Capital Expenditures vs. Operating Expenditures (Expenses): An Overview
In financial accounting capital expenditures (CapEx) and operating expenditures (expenses) (OPEX) are two categories of business expenses. However, there are distinct differences between the two, including their respective tax treatments.
- Capital expenditures comprise major purchases that will be used in the future.
- Operating expenditures (expenses) represent day-to-day costs that are necessary to keep a business running.
Capital expenditures consist of the funds that companies use to purchase major physical goods or services that the company will use for more than one year. A company might incur CapEx to increase or improve its fixed assets, for example.
Fixed assets are treated as noncurrent assets from an accounting standpoint, which means that they will not be consumed in the first year.
Capital expenditures can include:
- Plant and equipment purchases
- Building expansion and improvements
- Hardware purchases, such as computers
- Vehicles to transport goods
The type of industry in which a company operates largely determines the nature of its capital expenditures. The asset purchased can be a new item or something that improves the productive life of a previously purchased asset.

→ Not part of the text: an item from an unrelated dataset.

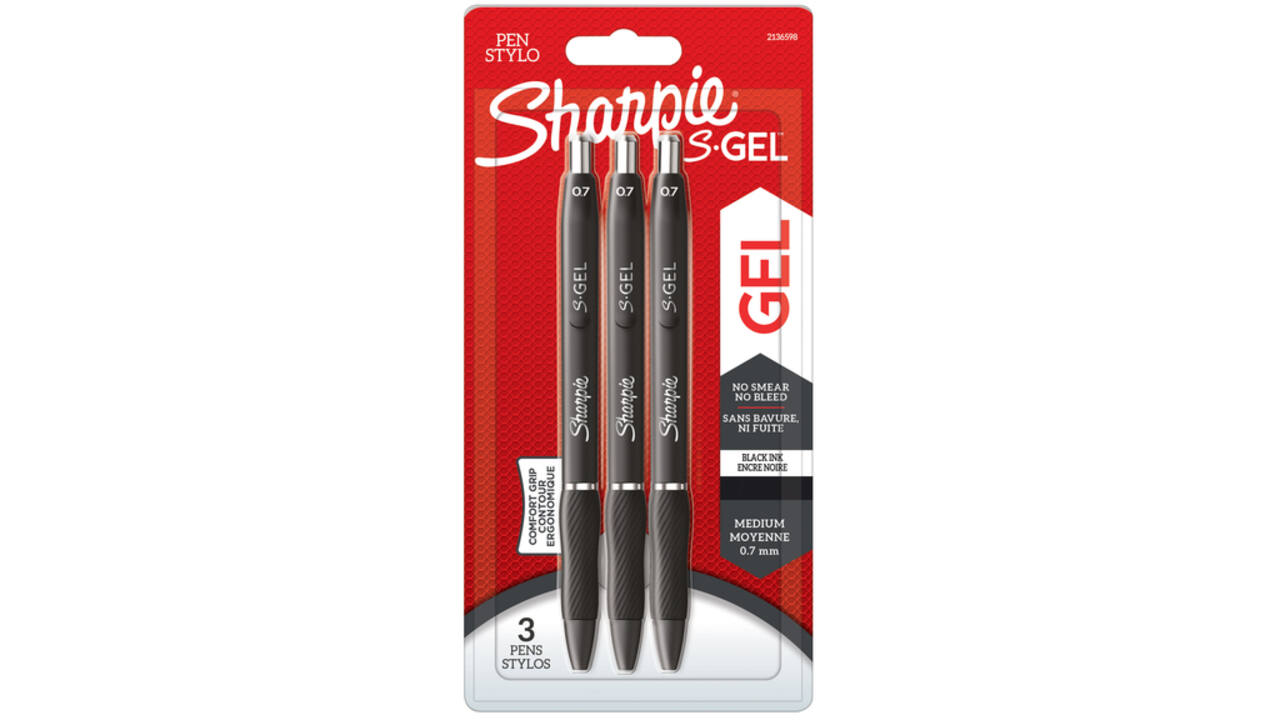 Gelschrijver Sharpie S-gel medium zwart blister à 3 stuks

The capital expenditure is recorded as an asset on the balance sheet under the property, plant, and equipment (PP&E) section. However, it's also recorded on the cash flow statement under investing activities because it's a cash outlay for that accounting period.
Once the asset is being used, it is depreciated over time to spread the cost of the asset over its useful life. In other words, each year, a portion of the fixed asset is being used up. Depreciation represents the degree of wear and tear on a fixed asset; companies may deduct the amount of depreciation on their annual tax return. Capital expenditures are often depreciated over 5 to 10 years, but in the case of real estate, they may be depreciated over more than two decades.

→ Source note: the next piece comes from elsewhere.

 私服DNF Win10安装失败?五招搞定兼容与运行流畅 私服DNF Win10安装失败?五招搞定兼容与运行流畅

Operating expenditures are the ordinary and necessary expenses (O&NE) that a company spends to operate its business each day.
Operating expenditures can include:
- Salaries and pension plan contributions
- Any expense that falls under selling, general, and administrative expense (SG&A) on the income statement
- Research and development (R&D)
- Property taxes
- Business travel
Because operating expenses make up the bulk of a company's ongoing costs, management typically looks for ways to reduce its OPEX without causing a critical drop in quality or production output. In contrast to CapEx, operating expenses are fully tax-deductible in the year they are made.

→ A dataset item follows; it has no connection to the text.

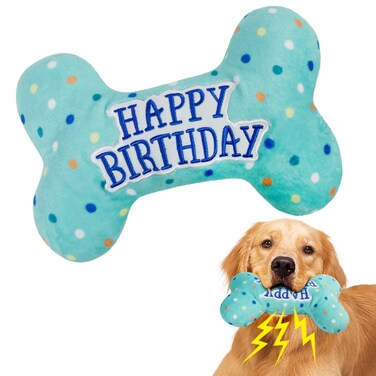 PrimePets Dog Birthday Toys, Plush Dog Squeaky Toys, Dog Birthday Party Supplies, Stuffed Puppy Chew Toys for Small Medium Large Dogs, Bone Pet Toys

- An item that normally would classify as a capital expenditure may be considered an operating expense if the company chooses to lease it instead of buying it.
- This can be an attractive accounting option if the company has limited cash flow and wants to be able to deduct the total cost of an item in a tax year.
Key Differences vs. CapEx and OPEX
Funds that fall under capital expenditures are for major purchases that will be used in the future. The life of these purchases extends beyond the current accounting period in which they were purchased. Because these costs can be recovered only over time through depreciation, companies usually prepare a capital expense budget apart from OPEX.
Operating expenses represent the day-to-day expenses necessary to run a business. Because these are short-term costs that are used up in the same accounting period in which they were purchased, it makes sense for them to have a separate budget.